The Provisions deal with the jurisdiction of the People’s Court and the recognition, enforcement, execution, variation and revocation of Settlement Agreements.
Jurisdiction of the People’s Court
Article 2 of the Provisions confers jurisdiction on the People’s Court in respect of cases concerning the enforcement, variation or revocation of Settlement Agreements.
Recognition of Settlement Agreements
Article 1 confirms that a Settlement Agreement signed or chopped by both parties is contractual by nature and cannot be varied or discharged arbitrarily and/or unilaterally.
Article 4 sets out the various requirements for a Settlement Agreement to be valid. These include the following requirements:
- That the parties have full legal capacity
- That the Settlement Agreement reflects the genuine intention of the parties and is not in contravention of the law, mandatory provisions of executive enactments or against the public interest.
There are a number of grounds on which a Settlement Agreement can be said to be invalid. These are set out in Article 5 and include:
- Where a Settlement Agreement impairs the interests of the nation, collectives or third parties
- Where it is for illegal purposes
- Where it impairs public interests
- Where it is in contravention of the law and the mandatory provisions of executive enactments.
In some cases, a Settlement Agreement may be only partially invalidated. This means that other parts of the Agreement remain valid (Article 8).
Enforcement of Settlement Agreements
The People’s Court requires a party seeking enforcement of a Settlement Agreement to prove the validity of the Settlement Agreement against objections raised by the party resisting enforcement. If a party uses the Settlement Agreement as a defence in civil actions, it has to produce the Settlement Agreement (Article 3).
Execution of Settlement Agreements
A party can execute Settlement Agreements involving monetary obligations at the People’s Court where the paying party resides or where his properties are situated (Article 10).
Variation or Revocation of Settlement Agreements
A party applying for variation or revocation of a Settlement Agreement has the burden of proof (Article 3).
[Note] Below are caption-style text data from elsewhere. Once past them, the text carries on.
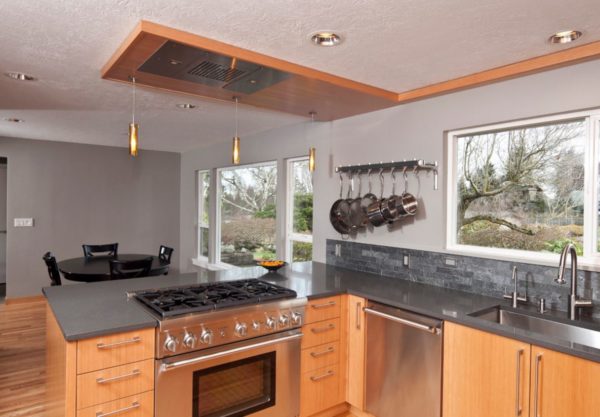 Kitchen With Inspire Coastal Grey Countertop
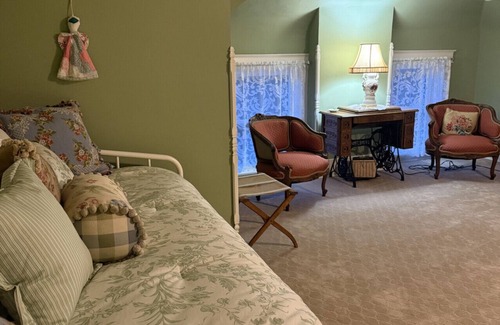 Guthrie Apartment | The Logan Room at The Judges Chambers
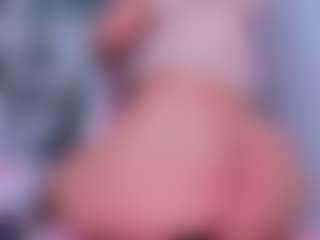 Ashleey18's Live Sex Cam Show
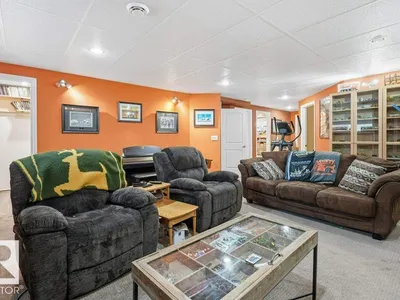 81 GRAYRIDGE CR photo 18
If a party only applies for a variation, the People’s Court cannot revoke the Settlement Agreement (Article 6).
The grounds for applying for variation or revocation of Settlement Agreements include:
- where the Settlement Agreement is concluded based on serious misunderstanding, or
- where it is concluded unfairly.
Further, where one party (the guilty party) exerts pressure or defrauds the other party (the innocent party) so that the innocent party executes the Settlement Agreement against its true intention, the innocent party may apply to the People’s Court for variation or revocation of the Settlement Agreement (Article 6).
The right to apply for revocation expires one year after the party entitled to apply for revocation knows or ought to have known of the existence of the right to apply (Article 7).
The limitation period for bringing an action on a Settlement Agreement is two years (Article 9 adopting the limitation period pursuant to Article 135 of the General Principles of Civil Law of the PRC).
Further, it is also provided that the limitation period for bringing an action on any cause will be suspended during mediation of the disputes by the People’s Mediation Commission and will be resumed upon the revocation or invalidation of the Settlement Agreement.
Although the Provisions published by the Supreme People’s Court do not apply to disputes involving international companies, they do provide further evidence of the extensive reform that is taking place in China’s legal system to make it more transparent, consistent and fair. The Provisions, together with the recent changes in the legal requirements for Chinese judges’ professional standards under the 2001 amendments to China’s 1995 Law Governing Judges, show that Supreme Court President Xiao Yang is serious in his attempts to bring China’s legal system into line with its WTO commitments.